0

I used code from here and modified hop_length to 100. Why do I get incorrect outputs?

Specifically change is

print(wave.shape)
non_silent_interval = librosa.effects.split(wave, top_db=0.1, hop_length=100) 
print(non_silent_interval)

I get output

(2000,)
[[  0 100]]

But signal contains 1000 nonzero samples. why it suggests that non silent samples are between 0 to 100 only?

Vinay
  • 33
  • 5

2 Answers2

0

librosa.effects.split will by default use a reference point (0 dB) that is the maximum of your signal. top_db adjusts the silence threshold. If values are below -top_db, they are considered silent. So with top_db=0.1, only frames between -0.1 db to 0.0 db are considered non-silent, which is incredibly unlikely. That this happens for the first frame is probably just luck.

Use a larger value for the silence threshold top_db, like 24. Or whatever fits the dynamic range of your recordings well.

Jon Nordby
  • 5,494
  • 1
  • 21
  • 50
0

I was able to find answer for this.

For split(), default frame_length = 2048. I chose hop_length to be 100. All the random samples fall in first frame of computation (it splits the signal into frames when it has to compute RMS value). For the next hop, many zeros from silent samples are included which reduces the RMS value for the subsequent frames. Hence, 1st frame always has high energy.
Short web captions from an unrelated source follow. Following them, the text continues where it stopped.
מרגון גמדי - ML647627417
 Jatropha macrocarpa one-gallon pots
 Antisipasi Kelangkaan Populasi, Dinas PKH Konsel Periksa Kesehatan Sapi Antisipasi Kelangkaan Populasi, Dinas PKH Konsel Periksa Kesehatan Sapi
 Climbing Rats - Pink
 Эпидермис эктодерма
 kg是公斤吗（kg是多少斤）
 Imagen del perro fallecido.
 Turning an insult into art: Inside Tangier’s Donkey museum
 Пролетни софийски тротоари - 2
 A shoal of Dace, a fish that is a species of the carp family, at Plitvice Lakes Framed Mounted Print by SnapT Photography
Appropriate samples can be obtained by

  1. Increasing top_db which includes more low energy frames (as suggested by @jonnor)
  2. Increasing hop_length from 100 to 1000 so that complete 1000 samples are included in one frame
  3. Reducing frame_length to have more resolution in computing RMS. I could get first 1050 samples by below command

librosa.effects.split(wave, top_db=10, frame_length=100, hop_length=50)

We might have to play with these parameters to get the desired result

Vinay
  • 33
  • 5